Sir David Tang was many things: a socialite, an intellectual, a champion of Hong Kong; and in the hearts of many, one of the last gentlemen of Hong Kong.
A graduate of law from London’s King’s College, Tang was known for his exquisite taste, his charm and his ability to mingle with the rich and famous – from Russell Crowe and Kate Moss, to Fidel Castro and the late Princess Diana.
In 2008 Tang surpassed the legacy of his grandfather, Sir Shui-kin Tang CBE, and was promoted to Knight Commander of the Order of the British Empire (KBE) for his contributions to charity.
The world knows him for putting chinoiserie on the map through his selection of decor for the China Club in 1991, China Tang in London’s Dorchester Hotel and luxury clothing label Shanghai Tang, which he subsequently sold in to Richmonte in 1998.
Hong Kong lost a colourful representative when Tang died a year ago today – but there are a number of places in the city where his personality still shines through. Here are five of the best.
1. China Club
This member’s only restaurant nestled on the top floor of the old Bank of China Building is fashioned like a Western manor in Shanghai’s French Quarters.
Filled to the brim with contemporary Chinese art, this was one of the first institutions in Hong Kong to tie together the romantic pre-war era of Shanghai and the emergence of contemporary art coming out of Beijing.
This is an exclusive eatery, but it’s worth visiting for that special Tang experience.

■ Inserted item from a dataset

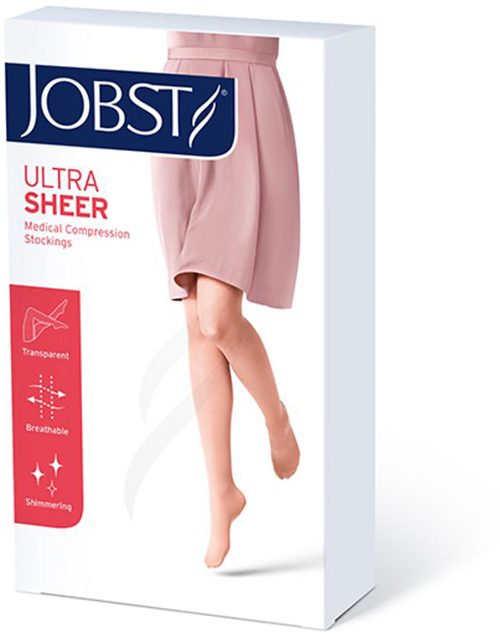CALZA COMPRESSIVA JOBST ULTRASHEER 10-15MMHG COLLANT NOIR5 ARTICOLO 797860000600 - Farmacia Murachelli Di Putelli dr. Giovanni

2. Shanghai Tang flagship store
Tang may have sold this luxury label over two decades ago, but the delicately ginger flower-perfumed store still operates in the style that he established, offering qi pao-collared pret-a-porter fashion and top quality homewares.
3. Chiu Tang
Formerly known as Island Tang, this was the public’s answer to China Club, allowing walk-ins.

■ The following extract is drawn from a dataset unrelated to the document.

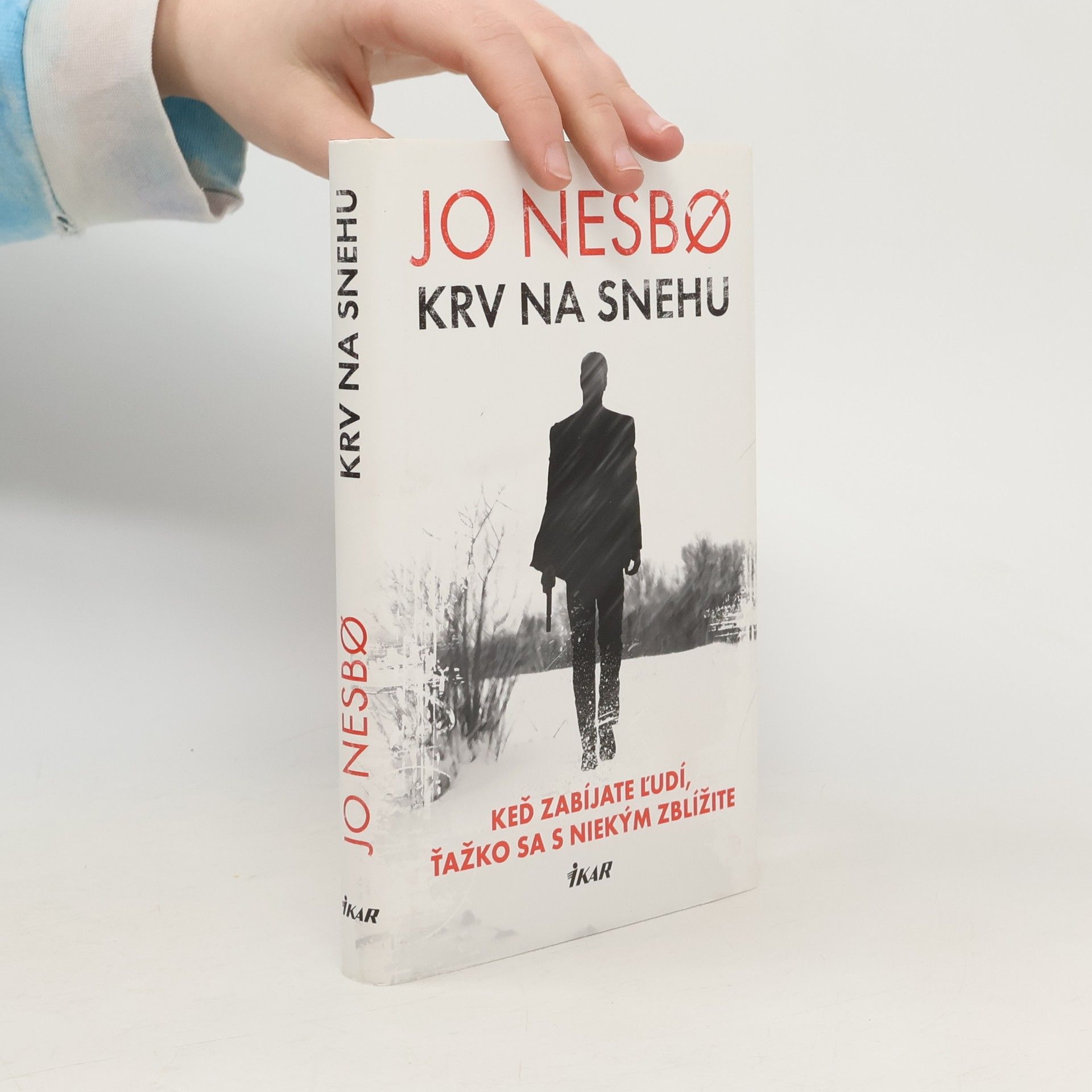 Jo Nesbø Krv na snehu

The menu and concept has changed, but Tang’s stamp on the choice of decor – the antique chandeliers, ceiling fans, marble-like panels and Asian-inspired stained glass art that are reminiscent of colonial Hong Kong – is still present.
4. China Tang
In Central: this restaurant is an offshoot of the famously glamorous institution at the Dorchester Hotel in London.

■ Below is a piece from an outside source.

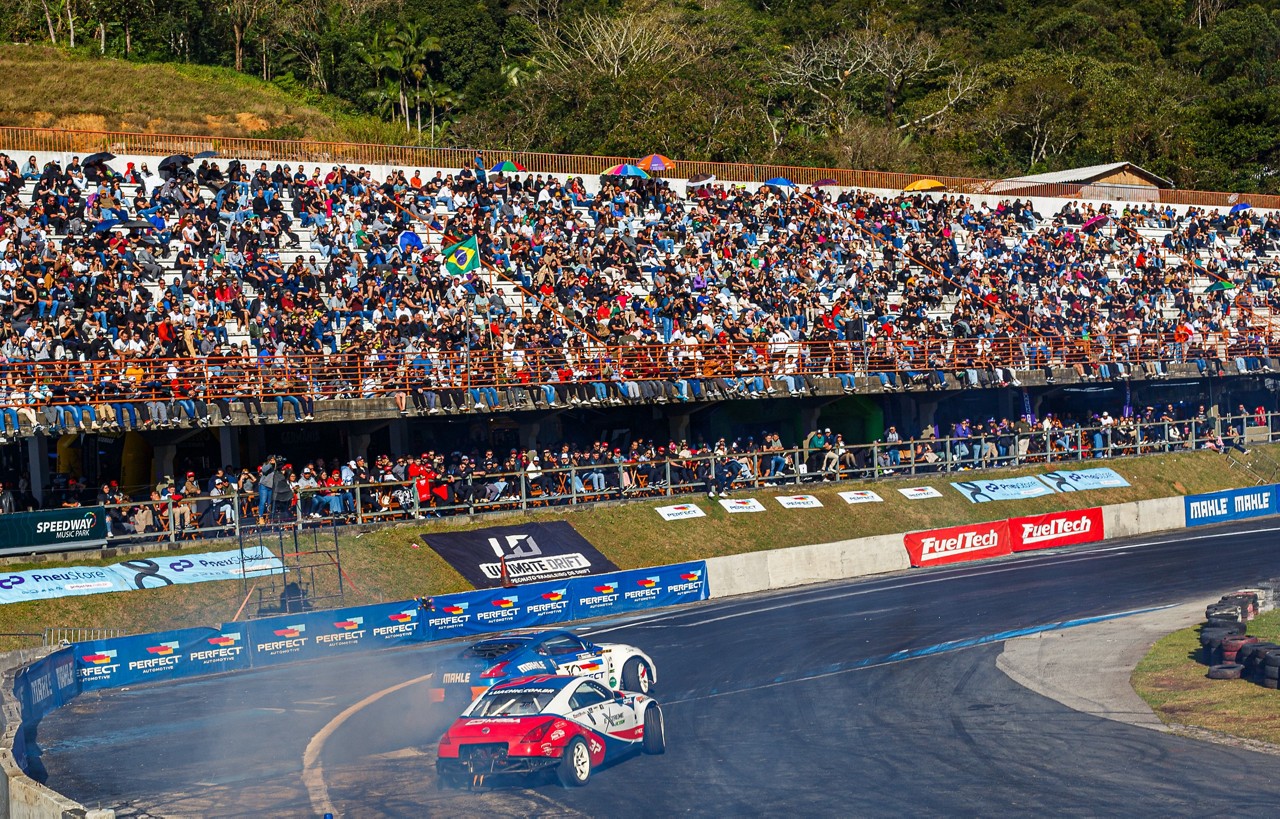 Minas recebe primeira etapa do Ultimate Drift  2025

The outlet in Central carries a bit more Eastern chic in its decor, but also maintains an air of exclusivity.
Walls are lined with handcrafted wallpaper that matches the tasteful chandeliers. On the tables are crystal condiment sets housing soy sauce and lychee vinegar. It’s fit for a king here, or at least fit for an English aristocrat.
In Tsim Sha Tsui: the Kowloon location inside Tsim Sha Tsui’s Harbour City carries on the same tradition, but the bar area is taken a step further in colour and vibrancy and leans more towards Rococo style in decor.
5. Kowloon Tang
Kowloon Tang is located at Civic Square inside Elements mall, next to the International Commerce Centre.
Tang contributed to the art deco-inspired dining rooms with his vision for sleek and clean lines, mirrored panels and symbolic Hong Kong art.